5 Responses to “Equipping a Kitchen for $200”

  1. 1 AdamOndi

    I agree with a lot of what the article says. After all, I got much of my kitchen ware from the local restaurant supply place (for instance: the plastic tupperware-like containers with lids are nearly bulletproof–unlike tupperware–and dirt cheap). However, I have a KitchenAid stand mixer and I use it all the time. Especially for making bread. Kneading dough by hand sucks when you can have the mixer do it for you in half the time. Also, buying those cheap industrial knives seems like a good idea until you realize that you need the whetstone or the electric sharpener because you will have to sharpen the cheap steel all the time. If you invest in a nice set of knives made of really quality steel, then you will only need to sharpen them once a year, and they will last long enough to be passed on to your children if cared for properly.

    So I agree that a lot of things should be bought at the restaurant supply, but some things are worth the investment for the quality.

  2. 2 tec

    I still want a KitchenAid.

  3. 3 katybear

    KitchenAid mixers are pretty cool - my mama has one with all the little attachments and doodads and she just loves it. But God knows what she had to pay for it. I have a little cheapo Sunbeam hand mixer and wouldn’t trade it in for the world. It’s compact, easy to clean, doesn’t take up much space, and gets the job done. Had it for 7 years and its still going strong.

  4. 4 Michael Langford

    This article totally misses the point:

    If you need to outfit a kitchen for $200, then the person has nothing kitchen-wise.
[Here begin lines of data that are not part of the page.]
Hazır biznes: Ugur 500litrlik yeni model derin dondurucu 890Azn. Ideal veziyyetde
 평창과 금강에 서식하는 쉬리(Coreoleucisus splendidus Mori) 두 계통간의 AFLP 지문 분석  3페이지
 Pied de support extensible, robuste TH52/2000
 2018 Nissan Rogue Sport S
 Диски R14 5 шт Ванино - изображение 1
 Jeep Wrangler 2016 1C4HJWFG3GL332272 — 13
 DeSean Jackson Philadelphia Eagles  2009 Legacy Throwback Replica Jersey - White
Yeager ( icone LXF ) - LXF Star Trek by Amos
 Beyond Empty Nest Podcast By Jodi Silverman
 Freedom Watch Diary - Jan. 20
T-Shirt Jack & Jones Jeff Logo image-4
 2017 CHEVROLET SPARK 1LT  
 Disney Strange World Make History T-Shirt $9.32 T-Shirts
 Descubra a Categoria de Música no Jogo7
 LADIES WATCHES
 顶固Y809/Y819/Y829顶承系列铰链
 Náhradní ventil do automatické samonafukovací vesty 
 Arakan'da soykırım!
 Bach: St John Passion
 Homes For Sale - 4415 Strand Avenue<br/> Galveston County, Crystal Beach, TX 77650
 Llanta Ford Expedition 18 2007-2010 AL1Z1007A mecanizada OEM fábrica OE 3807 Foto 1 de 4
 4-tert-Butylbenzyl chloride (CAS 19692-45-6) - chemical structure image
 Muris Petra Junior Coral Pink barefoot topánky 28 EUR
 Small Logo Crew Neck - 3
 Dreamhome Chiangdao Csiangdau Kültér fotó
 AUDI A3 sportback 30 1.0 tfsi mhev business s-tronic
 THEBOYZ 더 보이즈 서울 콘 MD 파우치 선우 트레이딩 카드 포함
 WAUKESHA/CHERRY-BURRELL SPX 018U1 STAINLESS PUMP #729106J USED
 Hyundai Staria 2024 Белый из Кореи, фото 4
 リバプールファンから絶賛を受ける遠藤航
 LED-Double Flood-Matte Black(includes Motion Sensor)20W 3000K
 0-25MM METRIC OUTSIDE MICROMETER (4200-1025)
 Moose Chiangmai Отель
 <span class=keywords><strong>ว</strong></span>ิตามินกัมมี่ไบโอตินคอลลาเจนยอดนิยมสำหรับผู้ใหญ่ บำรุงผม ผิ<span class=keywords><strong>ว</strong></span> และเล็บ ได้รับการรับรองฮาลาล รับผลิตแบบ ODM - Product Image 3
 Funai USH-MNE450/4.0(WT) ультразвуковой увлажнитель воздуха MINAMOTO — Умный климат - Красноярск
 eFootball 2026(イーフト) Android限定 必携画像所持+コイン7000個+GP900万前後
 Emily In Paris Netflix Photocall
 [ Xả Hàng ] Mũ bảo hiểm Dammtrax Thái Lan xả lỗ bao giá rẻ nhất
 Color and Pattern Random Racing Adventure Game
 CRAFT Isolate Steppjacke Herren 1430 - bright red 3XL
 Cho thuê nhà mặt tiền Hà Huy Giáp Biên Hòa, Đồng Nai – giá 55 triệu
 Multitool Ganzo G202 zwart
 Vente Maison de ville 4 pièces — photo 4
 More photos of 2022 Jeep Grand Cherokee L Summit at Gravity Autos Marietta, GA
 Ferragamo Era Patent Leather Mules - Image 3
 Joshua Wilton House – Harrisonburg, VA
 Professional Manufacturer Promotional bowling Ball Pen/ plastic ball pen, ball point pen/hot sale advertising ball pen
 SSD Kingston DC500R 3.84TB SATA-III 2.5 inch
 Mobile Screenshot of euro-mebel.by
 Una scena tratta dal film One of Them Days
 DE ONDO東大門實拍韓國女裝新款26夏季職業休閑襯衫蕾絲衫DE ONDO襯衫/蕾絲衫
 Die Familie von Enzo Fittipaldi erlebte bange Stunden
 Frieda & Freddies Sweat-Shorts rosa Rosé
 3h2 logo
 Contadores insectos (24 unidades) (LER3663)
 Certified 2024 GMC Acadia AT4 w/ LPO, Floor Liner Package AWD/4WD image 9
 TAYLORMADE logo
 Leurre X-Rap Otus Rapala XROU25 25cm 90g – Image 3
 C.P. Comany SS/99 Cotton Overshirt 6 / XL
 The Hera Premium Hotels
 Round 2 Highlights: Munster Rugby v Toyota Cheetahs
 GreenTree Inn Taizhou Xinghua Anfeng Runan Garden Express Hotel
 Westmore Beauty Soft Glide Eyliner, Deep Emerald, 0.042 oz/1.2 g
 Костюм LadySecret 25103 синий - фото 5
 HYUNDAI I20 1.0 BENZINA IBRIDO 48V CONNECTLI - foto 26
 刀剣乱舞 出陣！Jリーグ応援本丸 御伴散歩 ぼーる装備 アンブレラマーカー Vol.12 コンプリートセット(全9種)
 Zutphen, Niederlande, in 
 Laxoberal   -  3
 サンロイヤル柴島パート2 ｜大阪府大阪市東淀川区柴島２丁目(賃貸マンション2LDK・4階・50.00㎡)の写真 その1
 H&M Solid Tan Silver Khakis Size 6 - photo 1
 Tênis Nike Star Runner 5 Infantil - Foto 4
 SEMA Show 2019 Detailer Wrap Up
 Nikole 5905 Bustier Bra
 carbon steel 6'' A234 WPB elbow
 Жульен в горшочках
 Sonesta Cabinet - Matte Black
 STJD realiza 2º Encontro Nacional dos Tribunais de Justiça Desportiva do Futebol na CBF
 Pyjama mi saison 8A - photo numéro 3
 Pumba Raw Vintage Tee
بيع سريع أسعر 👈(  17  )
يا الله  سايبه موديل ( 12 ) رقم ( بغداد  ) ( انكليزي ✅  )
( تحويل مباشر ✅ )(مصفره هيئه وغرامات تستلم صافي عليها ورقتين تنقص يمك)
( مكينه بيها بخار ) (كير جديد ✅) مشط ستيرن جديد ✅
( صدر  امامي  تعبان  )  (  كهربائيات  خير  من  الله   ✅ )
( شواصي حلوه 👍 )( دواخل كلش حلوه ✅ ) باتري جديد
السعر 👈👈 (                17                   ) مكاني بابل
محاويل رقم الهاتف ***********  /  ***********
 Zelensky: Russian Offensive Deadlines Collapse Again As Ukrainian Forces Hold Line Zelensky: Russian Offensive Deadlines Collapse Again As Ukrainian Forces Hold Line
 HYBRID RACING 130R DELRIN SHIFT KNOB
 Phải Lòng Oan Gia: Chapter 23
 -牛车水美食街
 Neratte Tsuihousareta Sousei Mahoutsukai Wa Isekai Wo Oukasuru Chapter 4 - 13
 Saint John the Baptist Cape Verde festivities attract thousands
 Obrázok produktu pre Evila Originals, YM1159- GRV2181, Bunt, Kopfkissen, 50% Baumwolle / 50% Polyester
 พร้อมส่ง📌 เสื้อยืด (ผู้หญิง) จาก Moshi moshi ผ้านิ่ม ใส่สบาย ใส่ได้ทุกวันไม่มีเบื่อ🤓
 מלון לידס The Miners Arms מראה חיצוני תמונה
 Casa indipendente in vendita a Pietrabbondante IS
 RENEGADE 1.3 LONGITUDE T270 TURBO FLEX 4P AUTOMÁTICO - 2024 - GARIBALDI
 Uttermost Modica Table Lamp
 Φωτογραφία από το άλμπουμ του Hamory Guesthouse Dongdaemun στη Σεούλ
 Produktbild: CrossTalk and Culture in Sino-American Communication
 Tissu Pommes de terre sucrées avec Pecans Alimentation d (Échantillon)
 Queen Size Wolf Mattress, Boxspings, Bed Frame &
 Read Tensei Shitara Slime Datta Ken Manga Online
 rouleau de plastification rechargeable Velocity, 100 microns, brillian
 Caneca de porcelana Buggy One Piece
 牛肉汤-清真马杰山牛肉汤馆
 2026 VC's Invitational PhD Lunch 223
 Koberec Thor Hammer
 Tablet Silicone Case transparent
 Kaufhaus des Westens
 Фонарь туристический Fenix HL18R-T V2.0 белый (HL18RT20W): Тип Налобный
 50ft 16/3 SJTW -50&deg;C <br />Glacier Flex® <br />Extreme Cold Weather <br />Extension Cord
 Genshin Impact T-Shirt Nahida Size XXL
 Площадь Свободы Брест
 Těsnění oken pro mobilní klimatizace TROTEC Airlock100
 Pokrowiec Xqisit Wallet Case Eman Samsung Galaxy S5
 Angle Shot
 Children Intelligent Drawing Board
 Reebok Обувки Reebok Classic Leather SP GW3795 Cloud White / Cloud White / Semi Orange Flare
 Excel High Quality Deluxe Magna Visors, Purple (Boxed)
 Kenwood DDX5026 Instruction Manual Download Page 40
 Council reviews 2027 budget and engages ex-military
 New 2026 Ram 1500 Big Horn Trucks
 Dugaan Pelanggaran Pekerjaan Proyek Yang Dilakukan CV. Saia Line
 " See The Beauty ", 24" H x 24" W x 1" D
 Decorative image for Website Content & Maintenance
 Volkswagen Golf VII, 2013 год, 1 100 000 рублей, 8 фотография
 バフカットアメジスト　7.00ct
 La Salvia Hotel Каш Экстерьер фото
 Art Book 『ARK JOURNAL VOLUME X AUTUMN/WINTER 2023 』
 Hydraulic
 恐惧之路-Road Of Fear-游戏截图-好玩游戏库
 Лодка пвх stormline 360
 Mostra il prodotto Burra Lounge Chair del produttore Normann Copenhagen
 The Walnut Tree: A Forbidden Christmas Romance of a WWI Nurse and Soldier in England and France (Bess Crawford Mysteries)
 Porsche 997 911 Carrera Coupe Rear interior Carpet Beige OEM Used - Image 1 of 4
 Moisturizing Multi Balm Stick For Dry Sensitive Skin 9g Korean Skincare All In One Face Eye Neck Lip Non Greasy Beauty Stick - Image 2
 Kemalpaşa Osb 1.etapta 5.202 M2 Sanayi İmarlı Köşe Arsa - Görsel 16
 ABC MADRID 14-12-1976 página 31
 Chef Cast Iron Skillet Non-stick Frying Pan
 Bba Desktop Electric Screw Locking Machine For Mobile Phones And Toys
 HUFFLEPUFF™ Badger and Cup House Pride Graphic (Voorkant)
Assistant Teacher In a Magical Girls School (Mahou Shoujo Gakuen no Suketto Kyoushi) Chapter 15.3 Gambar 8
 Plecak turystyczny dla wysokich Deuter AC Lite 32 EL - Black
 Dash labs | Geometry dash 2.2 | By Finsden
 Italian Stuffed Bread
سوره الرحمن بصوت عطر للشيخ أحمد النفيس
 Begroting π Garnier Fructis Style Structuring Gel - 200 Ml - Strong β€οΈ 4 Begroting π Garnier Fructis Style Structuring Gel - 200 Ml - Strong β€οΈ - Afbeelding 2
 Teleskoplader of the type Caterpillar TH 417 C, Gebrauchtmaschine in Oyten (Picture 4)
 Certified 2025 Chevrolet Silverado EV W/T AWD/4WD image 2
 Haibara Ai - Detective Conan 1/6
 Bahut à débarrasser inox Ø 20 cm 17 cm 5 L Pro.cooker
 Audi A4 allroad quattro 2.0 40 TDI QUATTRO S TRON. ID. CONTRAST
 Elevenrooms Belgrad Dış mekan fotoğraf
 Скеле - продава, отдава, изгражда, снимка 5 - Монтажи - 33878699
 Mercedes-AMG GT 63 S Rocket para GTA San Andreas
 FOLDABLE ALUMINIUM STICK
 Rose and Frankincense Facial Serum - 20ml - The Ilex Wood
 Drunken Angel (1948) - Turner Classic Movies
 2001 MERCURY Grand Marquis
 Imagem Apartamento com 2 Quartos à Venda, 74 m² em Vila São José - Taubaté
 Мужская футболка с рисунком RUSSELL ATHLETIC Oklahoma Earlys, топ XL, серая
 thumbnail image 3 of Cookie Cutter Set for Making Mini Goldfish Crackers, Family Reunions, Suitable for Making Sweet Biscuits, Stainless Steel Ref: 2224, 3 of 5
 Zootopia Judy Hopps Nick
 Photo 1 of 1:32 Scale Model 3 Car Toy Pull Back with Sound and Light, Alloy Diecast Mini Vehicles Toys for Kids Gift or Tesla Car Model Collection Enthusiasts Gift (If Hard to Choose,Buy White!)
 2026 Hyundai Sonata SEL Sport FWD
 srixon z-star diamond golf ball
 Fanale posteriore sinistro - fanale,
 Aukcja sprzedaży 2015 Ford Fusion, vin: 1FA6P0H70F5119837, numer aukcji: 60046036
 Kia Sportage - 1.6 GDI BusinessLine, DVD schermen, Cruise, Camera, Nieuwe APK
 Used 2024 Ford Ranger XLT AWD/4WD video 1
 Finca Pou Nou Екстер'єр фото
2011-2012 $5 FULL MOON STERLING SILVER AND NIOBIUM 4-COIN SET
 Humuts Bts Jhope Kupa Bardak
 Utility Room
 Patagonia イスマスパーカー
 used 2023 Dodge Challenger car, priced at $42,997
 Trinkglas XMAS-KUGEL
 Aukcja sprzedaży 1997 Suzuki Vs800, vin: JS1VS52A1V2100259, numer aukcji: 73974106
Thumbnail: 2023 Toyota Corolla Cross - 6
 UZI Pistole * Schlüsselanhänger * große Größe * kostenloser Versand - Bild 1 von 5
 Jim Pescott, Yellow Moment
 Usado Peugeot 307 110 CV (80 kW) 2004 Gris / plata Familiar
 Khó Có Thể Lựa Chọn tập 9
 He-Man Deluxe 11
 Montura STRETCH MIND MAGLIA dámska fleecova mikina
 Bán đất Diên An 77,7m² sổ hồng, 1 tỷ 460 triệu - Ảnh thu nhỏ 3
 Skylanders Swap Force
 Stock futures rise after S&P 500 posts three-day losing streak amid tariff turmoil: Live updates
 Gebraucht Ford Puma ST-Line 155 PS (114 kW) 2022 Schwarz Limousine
    Barring an experienced cook going through a divorce or house fire. This just doesn’t happen.

    This is a much better synopsis of what you can make out of a kitchen for

  5. 5 Michael Langford

    Gaaah, the comment filter sliced and diced up my last comment.

    Click on my name on this comment to get a link to a *much* better article on outfitting your kitchen for less than $200, targeted at *new cooks*, and doesn’t require finding a restaurant supply store (which is a pain in the ass in my native city of Atlanta).

    Most of the items you’d buy in a restaurant supply store is going to be unsatisfactory to people who will want to use a diswasher and whom will burn things to pots quite often. The guy is right that name brand stuff isn’t necessary to start out, but a restaurant supply store will just frustrate those starting out as many items sold there require a skill that newbies just won’t have and won’t recognize they need to use the equipment.

    I’m sure if *I* wanted to outfit *my* kitchen for 200, I could handle cooking on this stuff. But a new college grad? No way, you’re just going to teach him/her to eat out all the time.